The head of the Union of BC Indian Chiefs said that selling BC's coast and rivers is not the way Premier Clark should be fighting against Alberta's oil agenda. Grand Chief Stewart Phillip of the Union of BC Indian Chiefs spoke at a press conference today with leaders from BC's municipal and environmental groups.
"Well, look who just caught up. Premier Clark is right that we need to stand up to Alberta's aggressive oil agenda, but selling our coasts and rivers out from under us is not the way to do it," Phillip said in a release.
"First Nations right across BC have vowed we will never allow Enbridge's pipeline and tankers, and non-Natives are united with us in a growing groundswell of unity to protect all of us from oil spills." Premier Clark should take "decisive action" in opposing heavy oil pipeline and tanker projects, he said.
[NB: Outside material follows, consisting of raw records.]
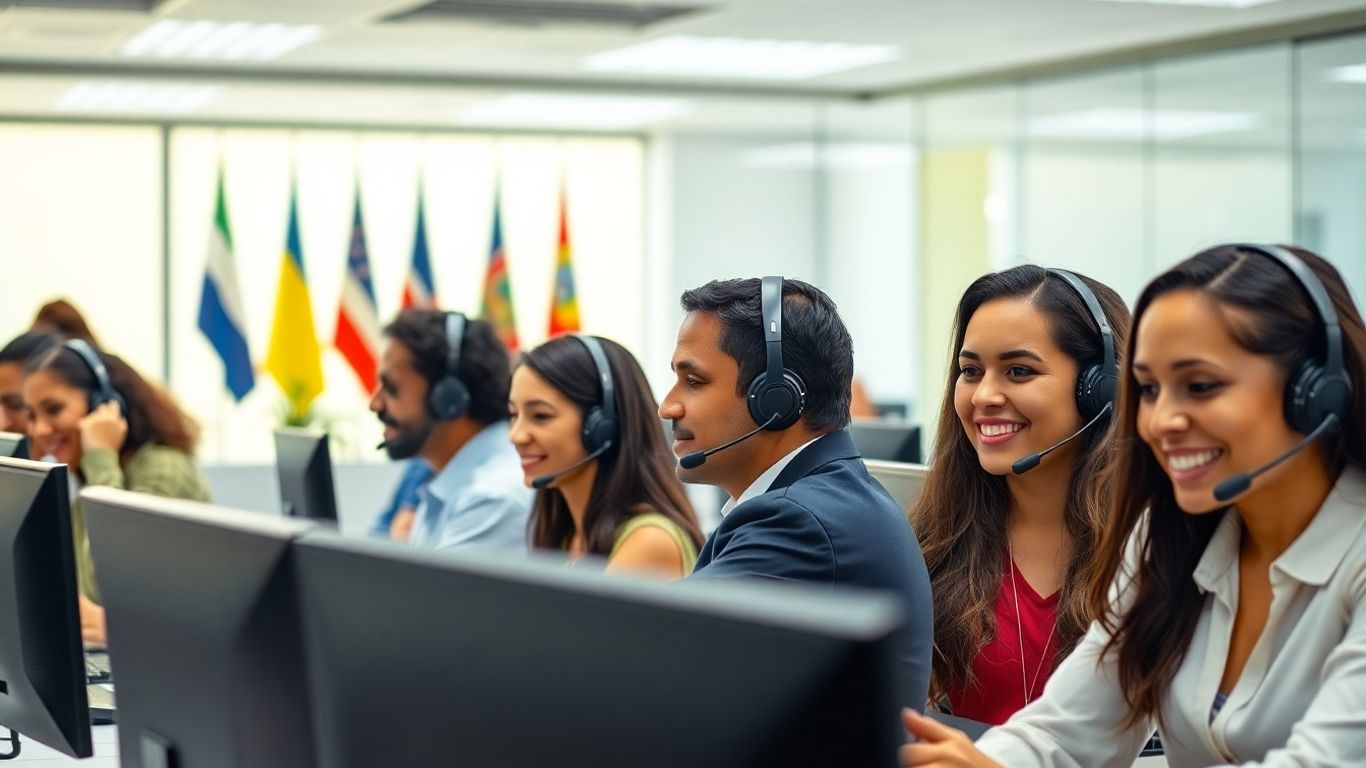 Multilingual call center agents working in Santo Domingo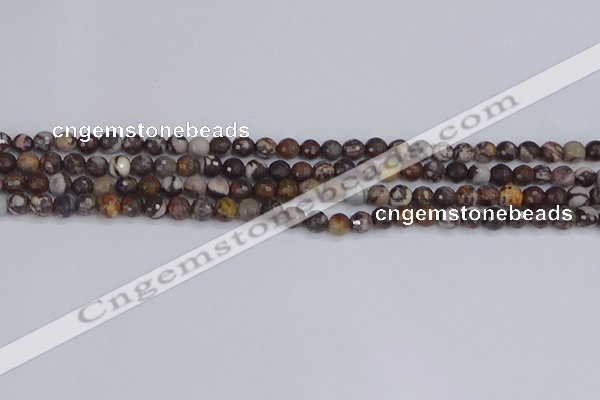 COJ360 15.5 inches 4mm faceted round outback jasper beads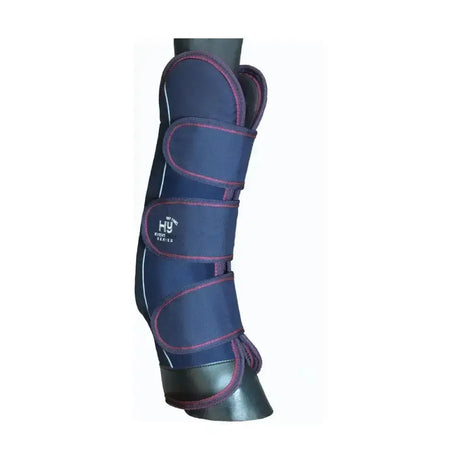 Navy blue hy equestrian event pro series travel boots with magenta trim white stitching and three adjustable straps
Phillip was joined by former federal Minister of the Environment David Anderson and Prince Rupert City Councillor Jennifer Rice. They called for the rejection of Enbridge Inc.'s Northern Gateway pipeline and tanker proposal following a US-Canada Enbridge pipeline oil leak of over 1,200 barrels (more than 190,000 litres) in Wisconsin over the weekend.
The Northern Gateway is a 1,177 km dual pipeline project transporting 525,000 barrels of heavy oil per day between Edmonton, AB to Kitimat, BC. The project is a proposal from Calgary-based Enbridge Inc., a company specializing in crude oil and liquids pipelines, natural gas transportation and distribution, and green energy.
Over 100 First Nations have banned tar sands pipelines and tankers from their traditional territories.
No amount of money can protect coast, cover damage of oil spill, says former federal environment minister
"Protecting our salmon streams and our ocean coast from oil spills is not negotiable," said former BC Liberal Leader and former federal Minister of the Environment David Anderson. "No amount of money can protect our coast, and no amount of money can repair the damage of a spill of heavy Alberta crude oil...Premier Clark should make that clear to the Alberta and federal governments, and then move on to negotiating a Canadian National Energy Strategy based not on increasing production and consumption, but on the fundamental need to reduce greenhouse gas emissions from all Canadian sources."
Anderson cited Enbridge's poor record on environmental and worker safety as the main reason to reject the Northern Gateway project. The US National Transportation Safety Board released a scathing report in early July about Enbridge's handling of a 2010 oil spill in Michigan, calling the company's employees incompetent and stating that the company had a "deviant" culture around safety procedures.
In May and June there were three major heavy oil pipeline spills in Alberta, causing the government to admit that there were issues, and start a pipeline safety review.
Coast and communities are not for sale, says Prince Rupert city councillor
"British Columbians have made clear that our coast and our communities are not for sale," said Jennifer Rice, a city councillor in Prince Rupert. "Our issue isn't the money - it's about risking our fishing and tourism economies for oil tankers and pipelines."
The Prince Rupert city council, and other government bodies such as the City of Terrace, Town of Smithers and the Skeena Queen Charlotte Regional District, (which includes the communities on Haida Gwaii), have passed similar resolutions opposing the pipeline.
"The government's pipeline pre-conditions will not protect BC from oil spills, as evidenced by Enbridge's latest spill, just three days ago," said environmental lawyer Josh Paterson of the West Coast Environmental Law Association.
"As the premier has recognized, government pipeline and tanker safety requirements can't eliminate the risk of pipeline ruptures or ship accidents. That's why so many people in BC have said we won't accept oil tankers and pipelines under any conditions."